Re: Resource forks
Re: Resource forks
- Subject: Re: Resource forks
- From: Chris Espinosa <email@hidden>
- Date: Sat, 24 Apr 2004 22:25:16 -0700
On Apr 24, 2004, at 12:44 AM, Nicolas Zinovieff wrote:
As far as I know, ProjectBuilder or Xcode can only create bundled
applications that get rid of the need of resource fork. rsrc files
have their data in the data fork (however, the resource manager can
manage the two types of resource files, old version with data in
resource fork and the new one with data in data fork).

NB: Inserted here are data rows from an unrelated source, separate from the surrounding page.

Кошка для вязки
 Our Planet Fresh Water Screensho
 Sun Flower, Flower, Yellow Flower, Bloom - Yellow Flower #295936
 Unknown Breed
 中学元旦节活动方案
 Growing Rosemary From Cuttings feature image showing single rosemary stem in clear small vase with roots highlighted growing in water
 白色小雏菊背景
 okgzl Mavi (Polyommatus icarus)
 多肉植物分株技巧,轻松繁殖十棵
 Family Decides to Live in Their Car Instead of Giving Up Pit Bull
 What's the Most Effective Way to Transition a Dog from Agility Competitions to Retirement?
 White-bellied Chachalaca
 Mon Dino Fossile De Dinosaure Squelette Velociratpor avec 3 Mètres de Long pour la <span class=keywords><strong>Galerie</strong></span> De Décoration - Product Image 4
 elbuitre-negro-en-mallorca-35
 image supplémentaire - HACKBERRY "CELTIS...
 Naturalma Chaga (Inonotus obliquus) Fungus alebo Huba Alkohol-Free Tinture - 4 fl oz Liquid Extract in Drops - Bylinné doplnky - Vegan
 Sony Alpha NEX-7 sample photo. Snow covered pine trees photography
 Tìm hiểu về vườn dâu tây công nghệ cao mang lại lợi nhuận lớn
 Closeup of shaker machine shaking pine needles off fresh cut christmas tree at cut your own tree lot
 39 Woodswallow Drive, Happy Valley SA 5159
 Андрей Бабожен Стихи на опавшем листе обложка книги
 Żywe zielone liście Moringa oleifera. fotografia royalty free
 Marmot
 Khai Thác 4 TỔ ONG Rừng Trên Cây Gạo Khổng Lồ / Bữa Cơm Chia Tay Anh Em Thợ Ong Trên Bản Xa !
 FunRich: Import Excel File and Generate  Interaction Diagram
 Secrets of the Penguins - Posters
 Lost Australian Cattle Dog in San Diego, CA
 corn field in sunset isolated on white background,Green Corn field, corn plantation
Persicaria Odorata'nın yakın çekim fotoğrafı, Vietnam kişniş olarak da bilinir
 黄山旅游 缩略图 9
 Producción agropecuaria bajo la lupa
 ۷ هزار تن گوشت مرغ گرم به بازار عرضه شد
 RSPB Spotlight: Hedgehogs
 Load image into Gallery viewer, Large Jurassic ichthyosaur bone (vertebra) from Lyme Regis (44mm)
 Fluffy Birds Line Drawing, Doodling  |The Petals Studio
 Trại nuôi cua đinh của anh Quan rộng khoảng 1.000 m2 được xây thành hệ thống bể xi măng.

Just take a look at "legacy" target in Xcode, or the target settings
in PB. You can set the resource fork to be separated (in a .rsrc file)
or in the executable.
Yes, "legacy" targets default to resource fork, and you have to add the
-useDF flag to use the data fork. Native targets default to -useDF and
there is no override to return it to the resource fork.
If I quite understand you, you want to add a resource fork to the
executable (hence the file in the MacOS folder of the application
bundle) but what's your goal ?
Just for the sake of descending AND ascending compatibility.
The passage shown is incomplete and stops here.